- **Stored data**:
* * * *

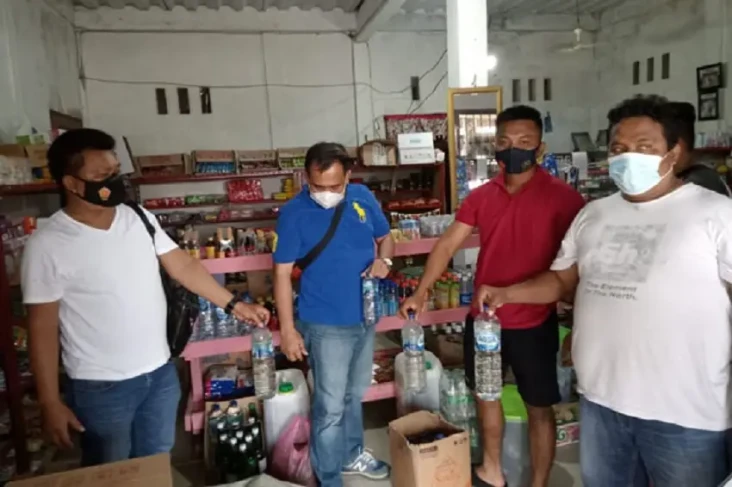 Ratusan Liter Miras...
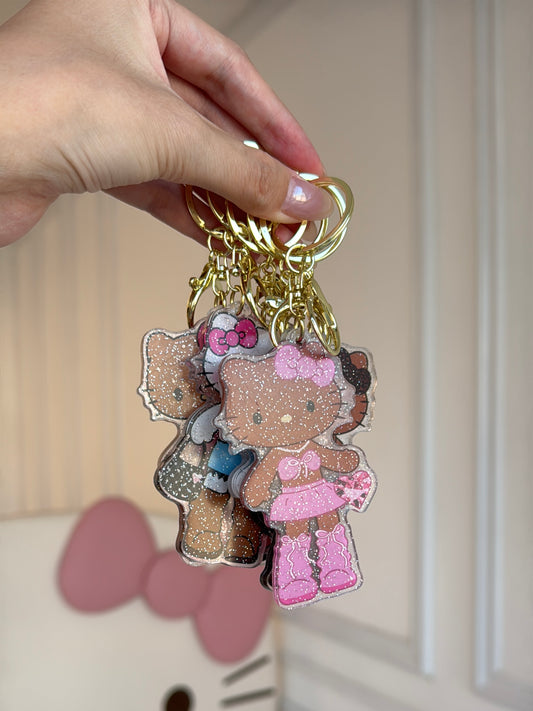 Hellokitty Acrylic Charm Keychain Set 6PCS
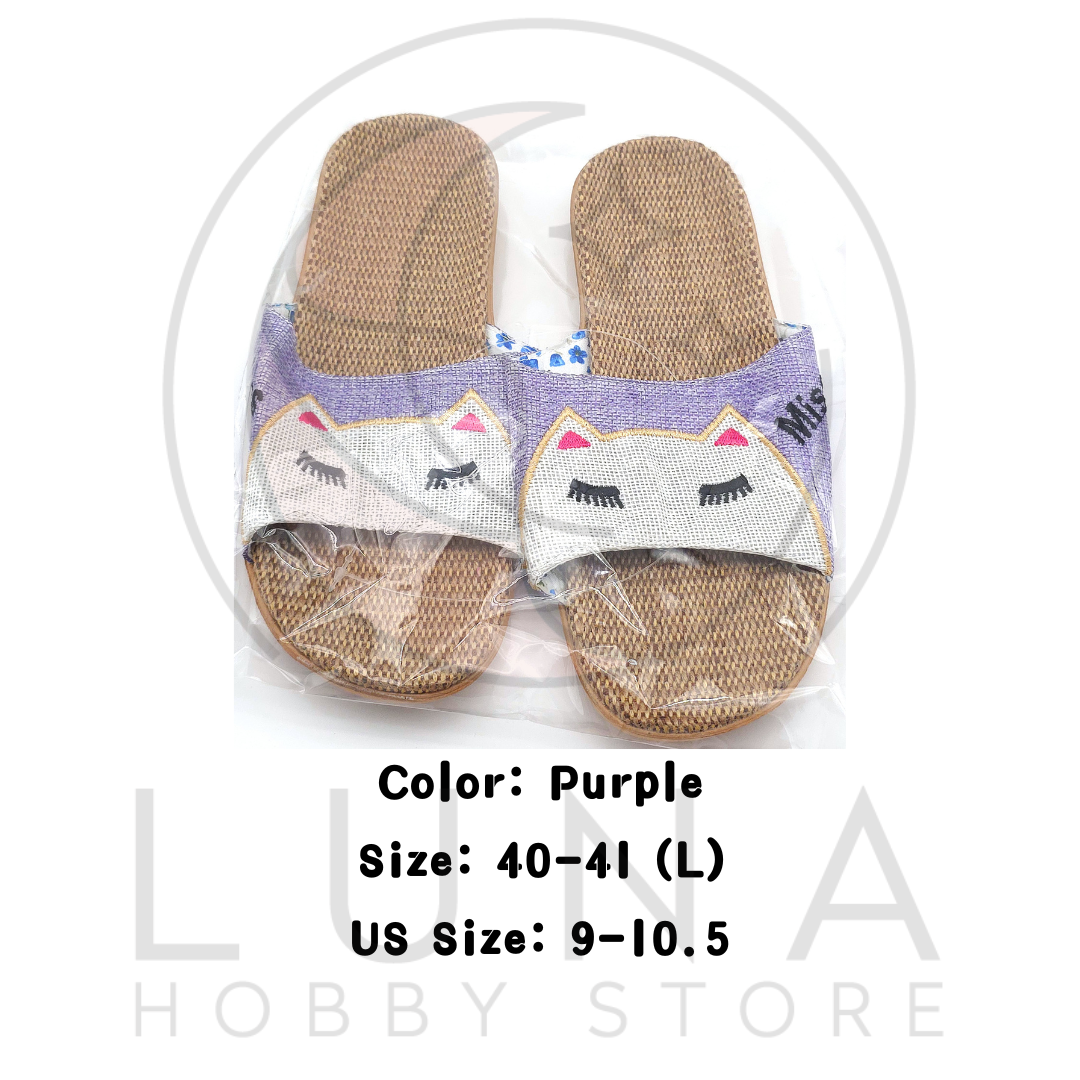 Wellbeing Cat Slippers | Indoor Comfort Set | 고양이 욕실 슬리퍼 | Women's Sizes - Image 8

* * * *

- **Task requirements**: With the pictures left out, return all the material above exactly.

- **Task output**:
 Ratusan Liter Miras...
 Hellokitty Acrylic Charm Keychain Set 6PCS
 Wellbeing Cat Slippers | Indoor Comfort Set | 고양이 욕실 슬리퍼 | Women's Sizes - Image 8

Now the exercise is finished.